Linköping Motorstadion
- Location: Hackefors, Linköping, Sweden
- Coordinates: 58°23′43″N 15°43′34″E﻿ / ﻿58.39528°N 15.72611°E
- Opened: 1965

= Linköping Motorstadion =

Stadium in Linköping, Sweden

Linköping Motorstadion also called the Sviestad Motorstadion is a multi-use facility that includes track racing, road racing, motocross, motorcycle speedway, rallycross, karting and traffic training. It is located in Hackefors, which is on the south east outskirts of Linköping, Sweden.

==History==
The facility was built in 1965 as a practice site for traffic training.

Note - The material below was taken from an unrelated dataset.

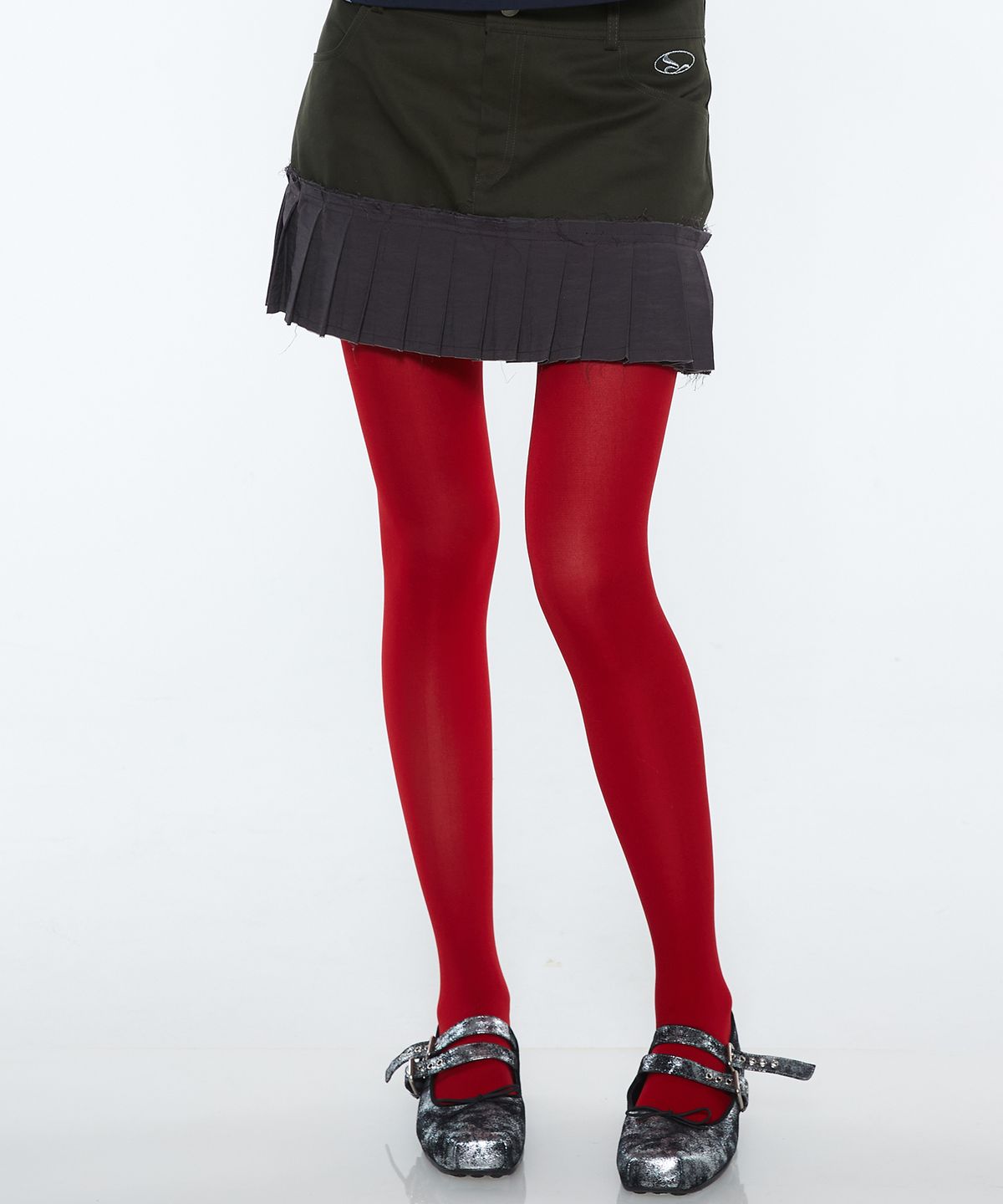 러브이즈트루(LUVISTRUE) CURVED L PLEATS SKIRT(KHAKI)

Adjacent to the traffic training and road racing facilities is a motorcycle speedway track.

The speedway track hosted the Nordic Speedway Final in 1969 and 1990. It was also the home of the speedway team called Filbyterna who competed in the Swedish Speedway Team Championship at the venue from 1978 until their closure in 2010.

The stadium hosted the World Championship round called the Speedway Grand Prix of Sweden from 1995 to 2000.

Despite the speedway track having no resident team since 2010, the track still remains a significant choice of venue for major speedway meetings, most recently the 2022 Swedish Individual Speedway Championship.